### [What you are asked to do]
Copy out the lines beginning with the one that contains "Casa com 3 dormitórios" and ending with the last line below, exactly as they stand. Pictures are not copied.

(Materials provided Opens)

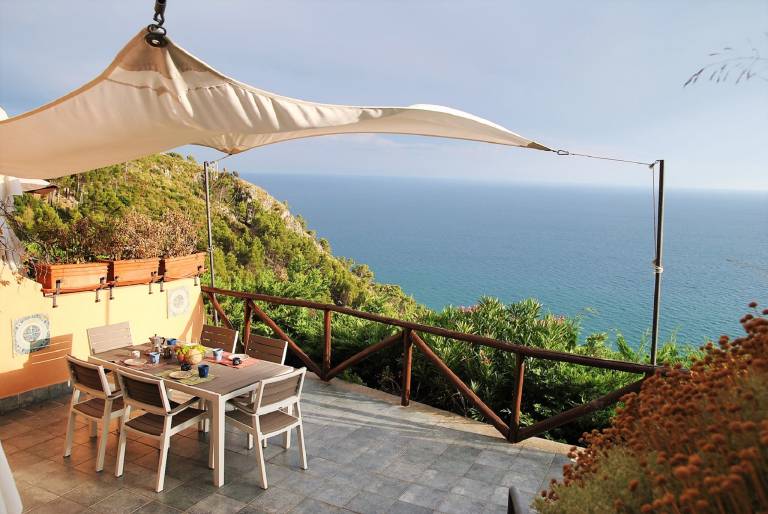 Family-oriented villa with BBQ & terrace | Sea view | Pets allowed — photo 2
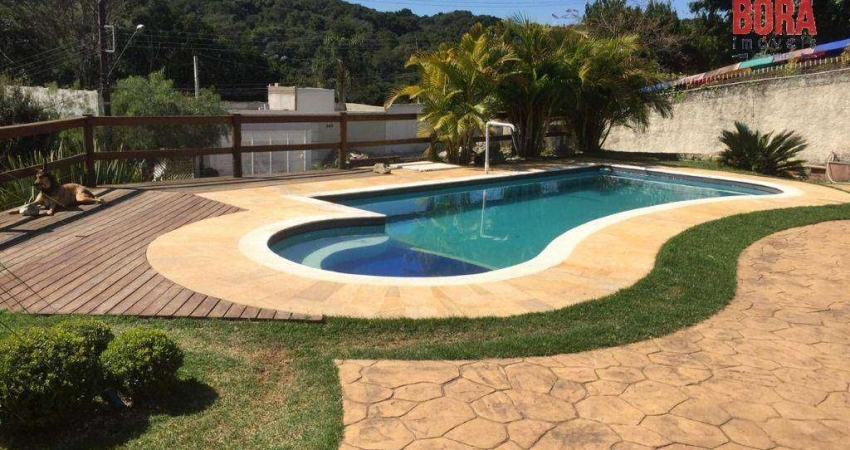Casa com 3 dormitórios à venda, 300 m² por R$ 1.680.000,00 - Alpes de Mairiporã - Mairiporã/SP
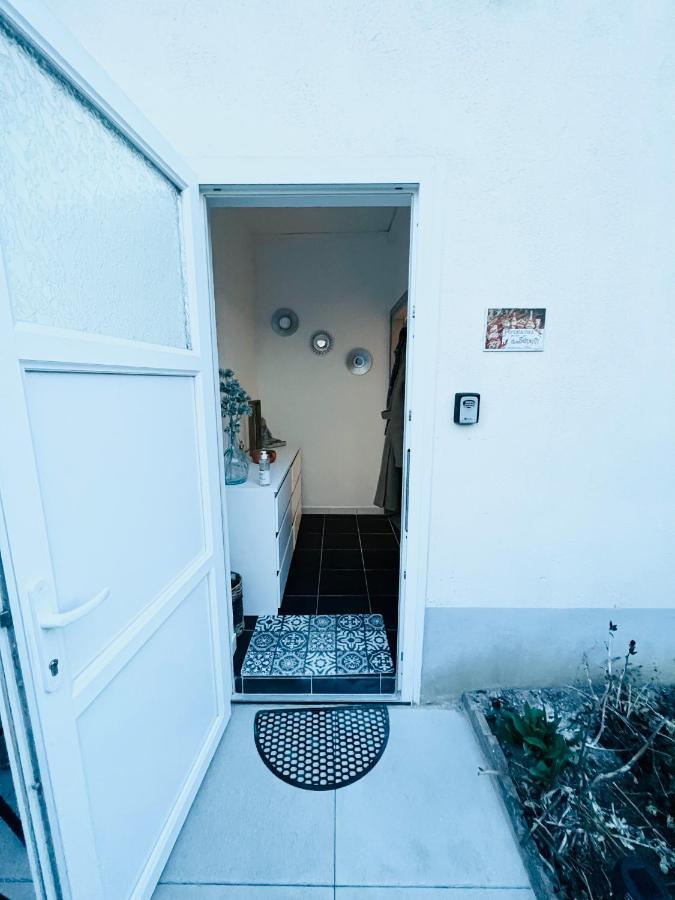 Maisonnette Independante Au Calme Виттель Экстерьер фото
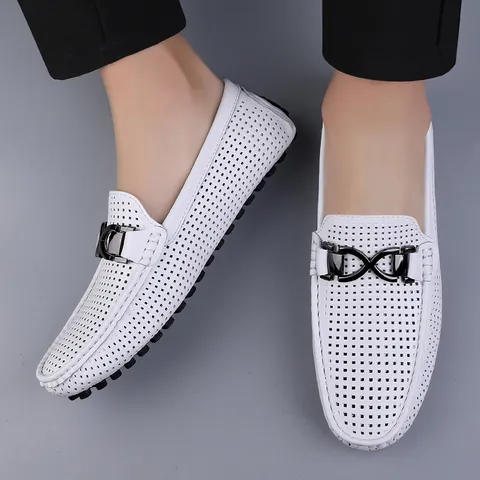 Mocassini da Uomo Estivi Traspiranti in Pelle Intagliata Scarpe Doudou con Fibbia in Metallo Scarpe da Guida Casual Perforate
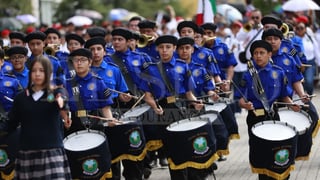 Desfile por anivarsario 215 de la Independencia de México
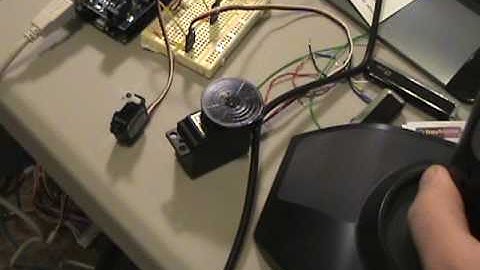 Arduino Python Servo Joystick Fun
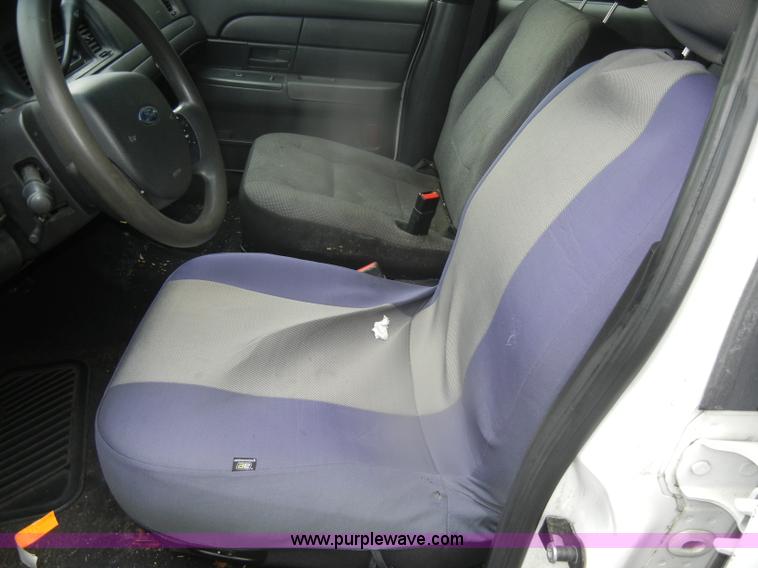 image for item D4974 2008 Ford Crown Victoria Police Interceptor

(Materials provided Closes)

### [Your solution]
Casa com 3 dormitórios à venda, 300 m² por R$ 1.680.000,00 - Alpes de Mairiporã - Mairiporã/SP
 Maisonnette Independante Au Calme Виттель Экстерьер фото
 Mocassini da Uomo Estivi Traspiranti in Pelle Intagliata Scarpe Doudou con Fibbia in Metallo Scarpe da Guida Casual Perforate
 Desfile por anivarsario 215 de la Independencia de México
 Arduino Python Servo Joystick Fun
 image for item D4974 2008 Ford Crown Victoria Police Interceptor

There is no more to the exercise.